Business Intelligence is what makes data meaningful, allowing you to make better decisions based on historical data and behaviours. The next level is getting your data to talk to you, to help you find out what could happen in the future, which is called predictive analytics. It’s the really clever stuff that answers questions such as:

What if…?

What’s the probability of…?

Here we define and illustrate some of the main predictive data analytics methods and techniques, which are applied by our data analysts and data scientists.

Predictive Analytics & Machine Learning

Machine Learning provides computers with the ability to learn – without being overtly programmed, meaning they can teach themselves to grow and change when exposed to new data. Machine learning uses analytics from historical data to detect patterns in new data and adjust programme actions accordingly.

Machine learning examines small or large amounts of data possibly from many different sources with statistical algorithms such as clustering, regression and classification (see descriptions below). The objective is to discover patterns and then make predictions based on those often, complex patterns to answer business questions and solve problems.

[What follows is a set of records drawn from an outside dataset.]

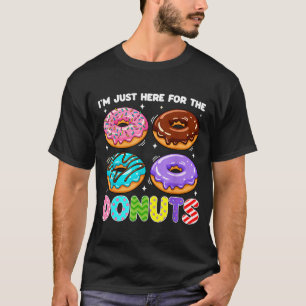 Camiseta Estoy Aquí Solo Por La Masa De Donas Dulce Comida 
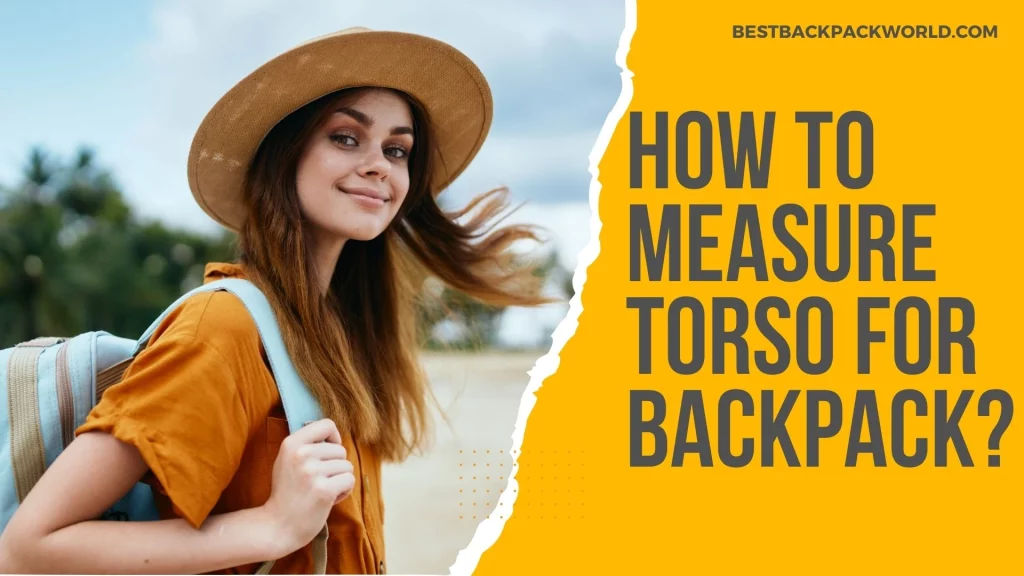 How to Measure Torso for Backpack?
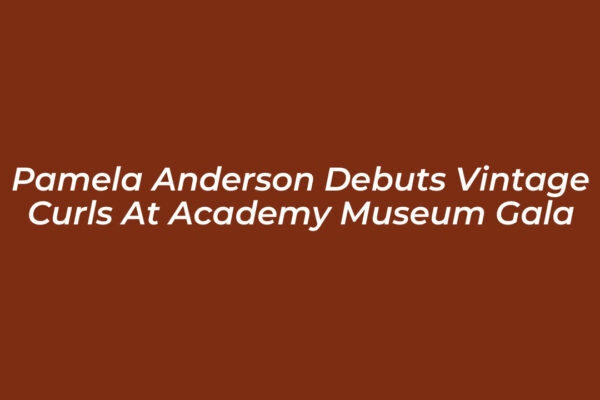 pamela anderson debuts vintage curls at academy museum gala pELB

Clustering – Is the task of separating a set of un-labelled objects into groups such that those in one group are more similar to each other than they are to objects in other groups. An example of a clustering problem is identifying groups of people with similar buying patterns. The input is a dataset where none of the samples is assigned to a specific group. The clustering method firstly identifies a set of groups and then associates each sample to a specific group (see Figure 1).

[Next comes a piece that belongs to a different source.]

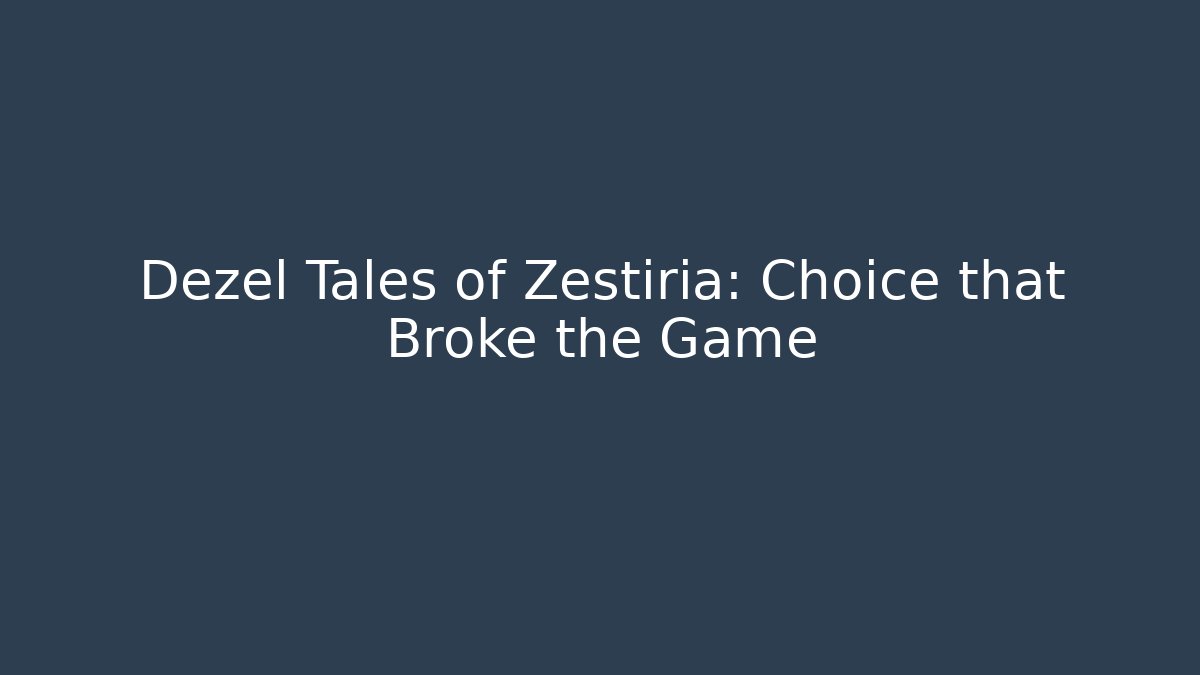 Dezel Tales of Zestiria: Choice that Broke the Game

Graph Showing A Clustering Task

Figure 1. Example of clustering task. Input dataset of unlabelled samples (left) and outcome of the clustering with each sample associated to a group (right).

Regression – Is the task of determining the numeric response of numeric or categorical variables. An example would be; given the number of past purchases what’s the probability of a purchase of a specific product.

Graph Showing A Regression Task

Figure 2. Example of regression task. The red dots are used to build a linear model (blue) that links the number of past purchases (i.e., input features) to the probability of purchase of a specific product (i.e., outcome of the regression).

Classification – Is the task of deciding which category a new object belongs to based on a model constructed from relationships between collections of existing objects that are already labeled. A simple example of a classification problem is shown in Figure 3. The aim is to predict the gender of a customer given the length of his/her first name and surname (i.e., feature1, feature2).

Graph Showing A Classification Task

Figure 3. Example of classification task. The black line represents the model learned for example class 1 (males, in blue) and class 2 (females, in green). Every new data falling above (below) the black line will be associated to class 1 (class 2).

Glossary of Machine Learning terms

Algorithm – A self-contained set of steps that are followed in order to solve mathematical problem or computer processes.

Supervised Learning is a machine learning task that discovers rules to predict unknown values from labelled known examples. For example, if you had a database of customers and their past sales records, you could determine what items or how much new customers might spend based on the previous customer’s behaviours. Classification and regression algorithms are types of supervised learning algorithms.

Unsupervised Learning is a machine learning task to discover hidden structure or grouping in unlabelled data. For example, if you had a pool of anonymous customer information, you could use unsupervised learning to determine if the customers have some hidden behaviours or traits in common that naturally segment them into groups for targeted marketing. Clustering algorithms are types of unsupervised learning algorithms.